Monday, October 31, 2022

Lula da Silva Wins Brazilian Presidency

 

Brazil election Lula Bolsonaro democracy presidency voting integrity politics

Right-winger Jair Bolsonaro’s claims of election fraud reduced to sour grapes as Brazil’s bulletproof voting process shames the United States’ swiss-cheese system

Workers’ Party (PT) candidate, former president Lula da Silva, won the Brazilian presidency with just over 50 percent of the vote in the runoff election held on October 30.

Incumbent Jair Bolsonaro, a right-wing nationalist, received 49.10%.

Helping Lula achieve his narrow victory was the early support of alternate party candidates that came in third and fourth place in its election held on October 2, respectively Simone Tebet and Ciro Gomes, with 4% and 3%. While Lula prevailed on October 2 with 48.4% of the votes, a victory of over 50% is required to eliminate the need for a runoff election.

With a clear chain of ballot custody, the required presentation of government issued identification (ID), same-day voting at documented residential locations, site-specific paper tallies of ballots delivered in real-time (highly functional exit polls), no hackable internet connection for its electronic voting machines, open-source programming and no mail-in ballots, Bolsonaro’s repeated claims of election fraud remained unsubstantiated–even by the military that conducted an investigation at his urging in October during and after the first round of voting and found “nothing irregular.” Keep in mind Bolsonaro did not complain about the system when he was elected president in 2018.

Despite former U.S. President Donald Trump’s campaign strategist, Steve Bannon’s assistance to Bolsonaro with his pre-emptive election disinformation campaign, Brazil is not the U.S., and Bolsonaro is not Trump. Bolsonaro, a former army paratrooper who rose to the rank of captain, has long praised Brazil’s military dictatorship, which controlled the country from 1964-1985.

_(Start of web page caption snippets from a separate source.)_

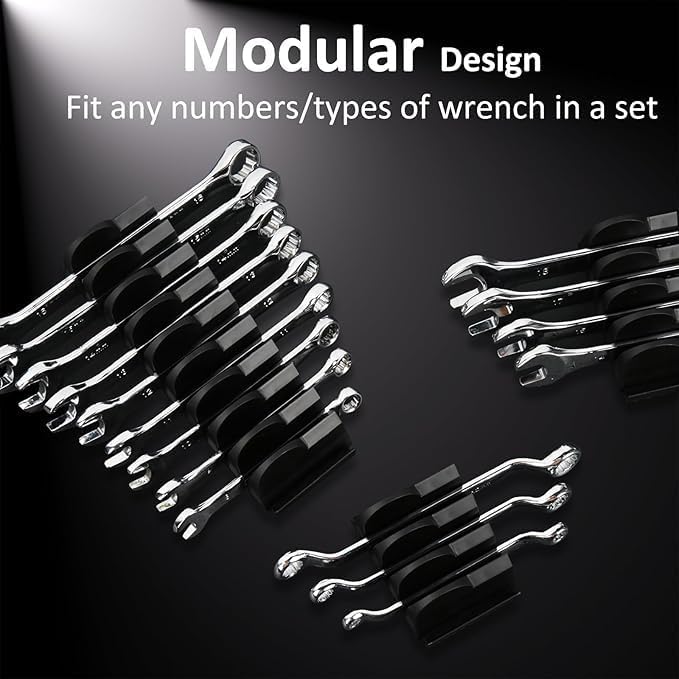 80 pcs MAGNETIC Modular Wrench Organizers - Image 4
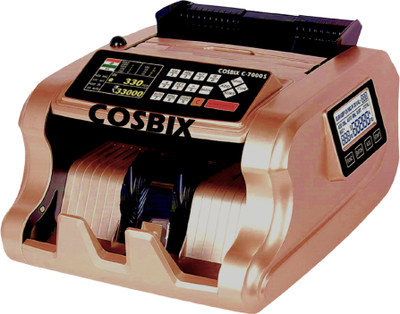 COSBIX Latest Mix Note Value Counting Machine With Fake Currency Detection For INR Note Counting Machine(Counting Speed - 1000 notes/min)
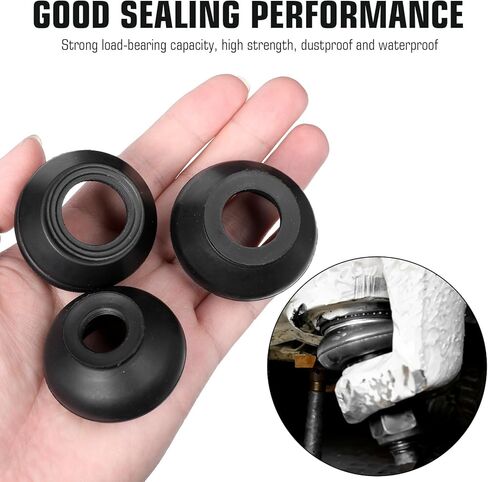 6 PCS Ball Joint Boot Replacement, Rubber Tie Rod Boot Tie Rod End Boots, Car Accessories Rubber Turn to Rods Arm Ball Head Dust Protection Rubber-Cover Fit for Most Vehicles in Kuwait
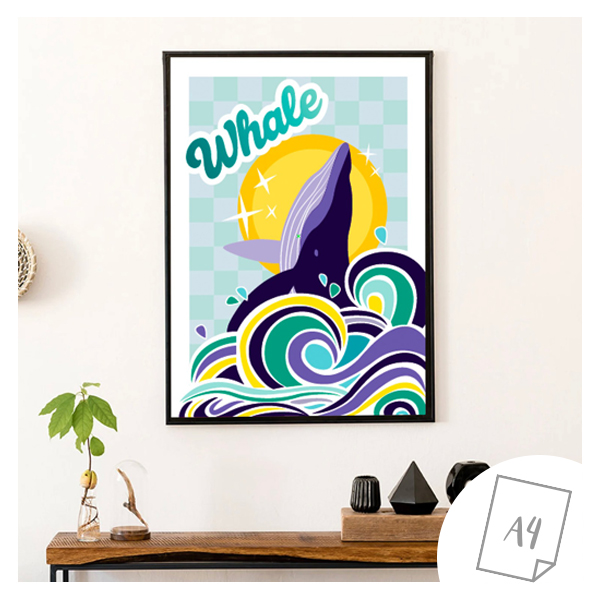 Affiche A4 Whale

Calling the military coup, a “defense of democracy,” he criticized the Brazilian military for “failing to finish the job.” Apparently, to Bolsonaro, the disappearance and killing of over 400 people were insufficient. Unlike Bolsonaro, Trump has no military experience and has a rocky road with U.S. Intelligence Agencies and the military.

Neither is former two-term President Lula da Silva similar to U.S. sitting President Joe Biden. Lula da Silva believes, “We have to make inequality a priority and not the spending cap.”  (more...)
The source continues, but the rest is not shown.